» **Task**: Make an exact copy, from the records below, of the lines from the line containing "925 silver black" to the line containing "Used 2025 Cadillac Optiq Luxury 1 image 30", both lines included, excluding pictures.

» **Data provided**:
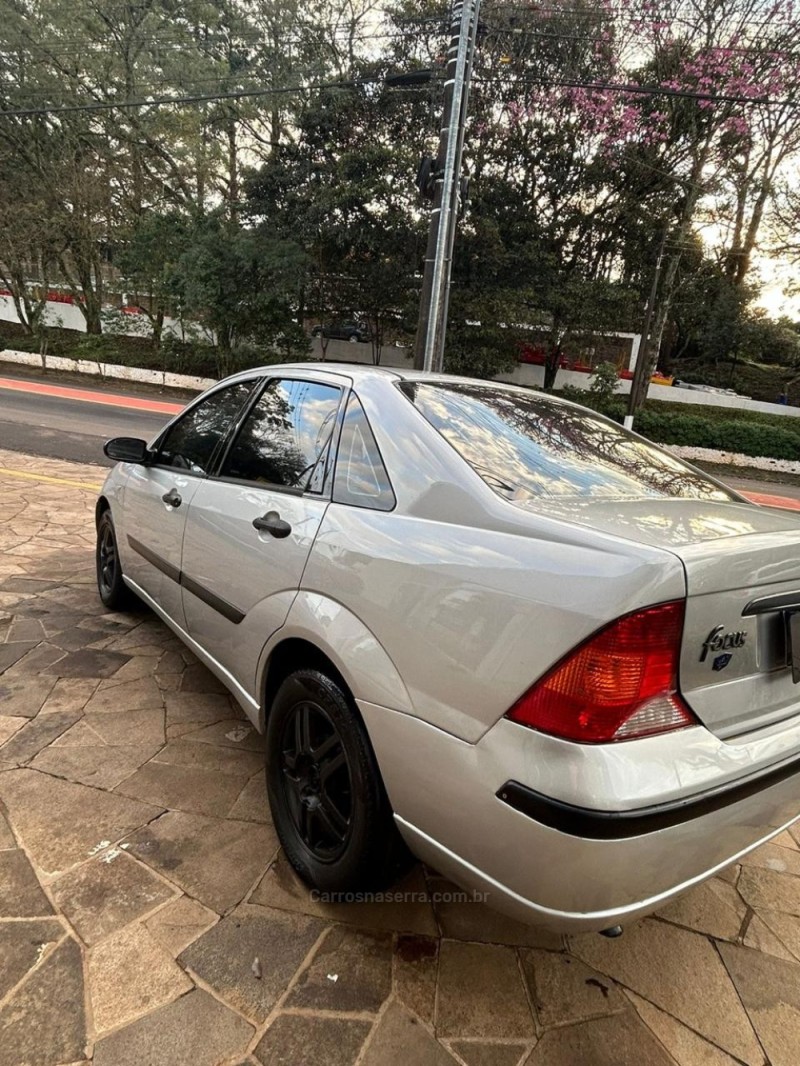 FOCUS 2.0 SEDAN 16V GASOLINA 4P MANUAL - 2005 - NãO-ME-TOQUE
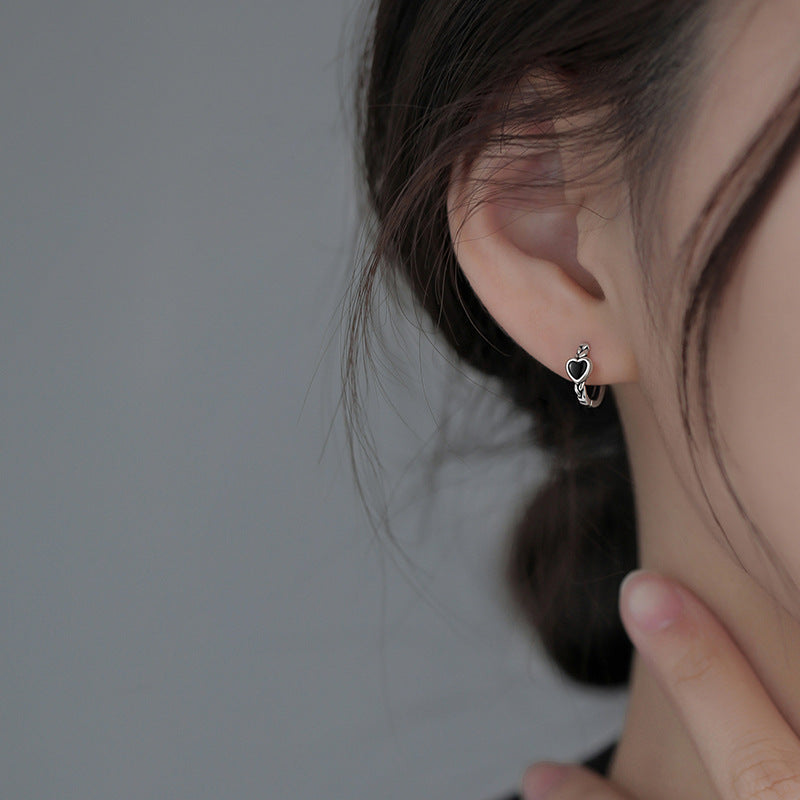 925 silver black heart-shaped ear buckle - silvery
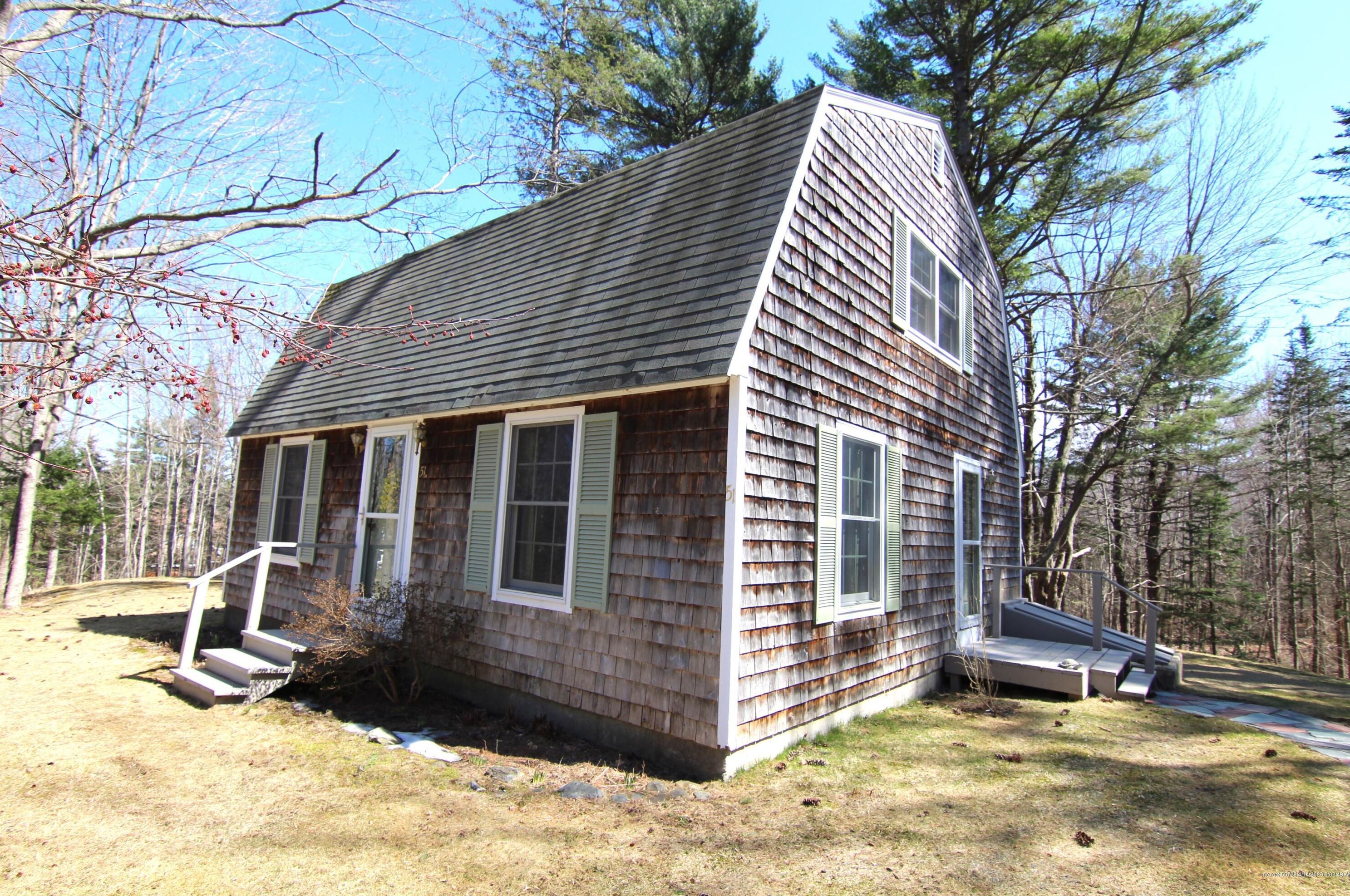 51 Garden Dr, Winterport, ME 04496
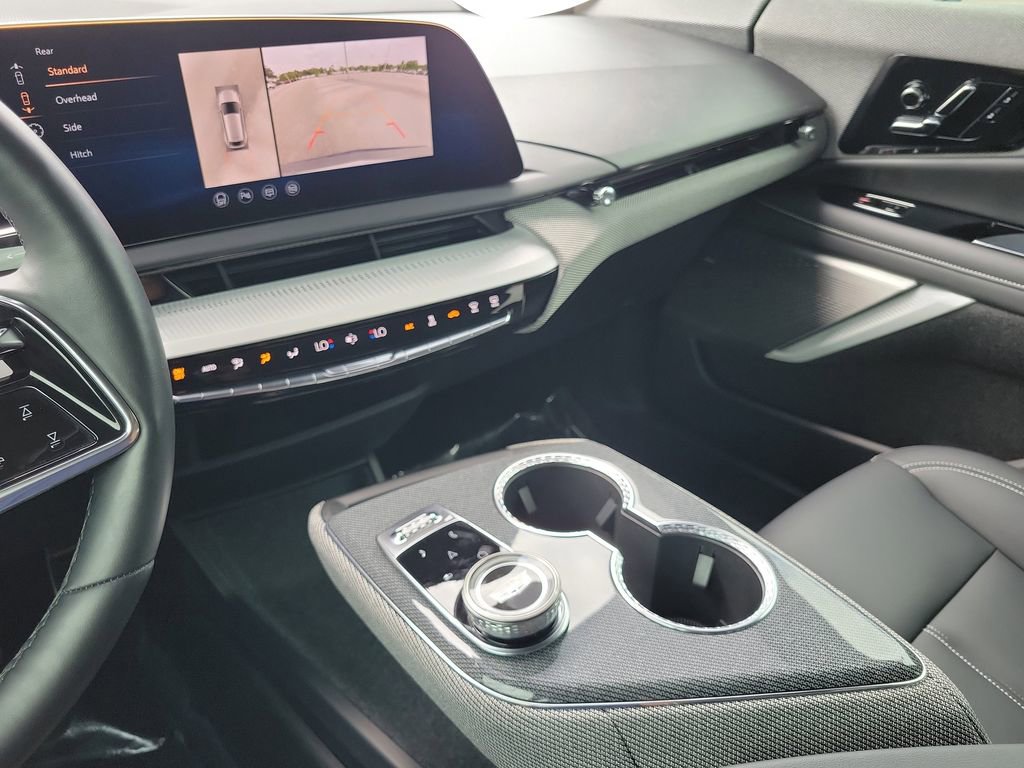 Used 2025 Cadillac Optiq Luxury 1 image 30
...
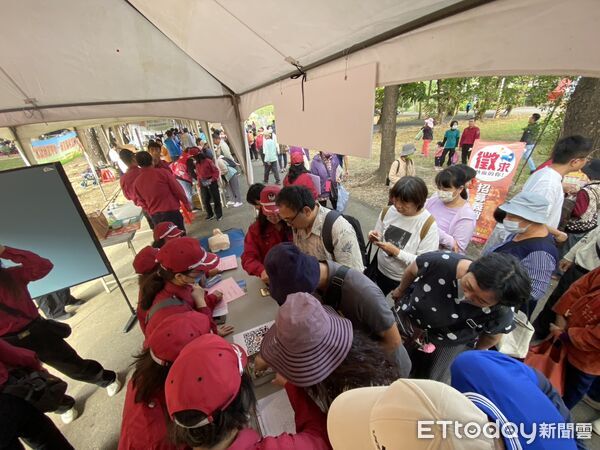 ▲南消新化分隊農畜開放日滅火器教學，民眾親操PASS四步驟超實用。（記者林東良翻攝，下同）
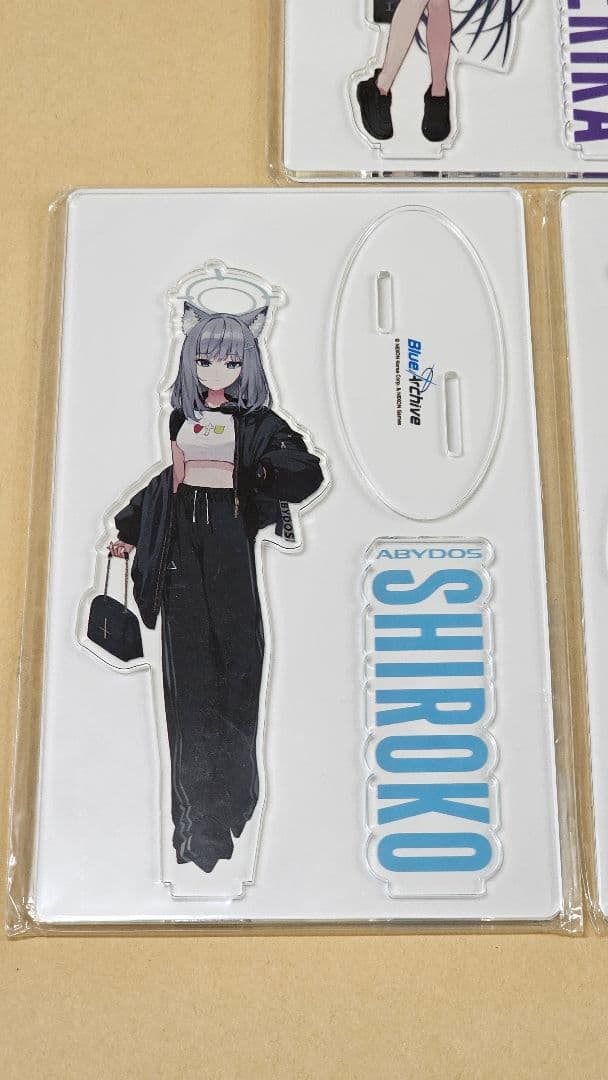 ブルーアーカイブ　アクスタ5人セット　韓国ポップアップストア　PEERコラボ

» **Answer box**:
 925 silver black heart-shaped ear buckle - silvery
 51 Garden Dr, Winterport, ME 04496
 Used 2025 Cadillac Optiq Luxury 1 image 30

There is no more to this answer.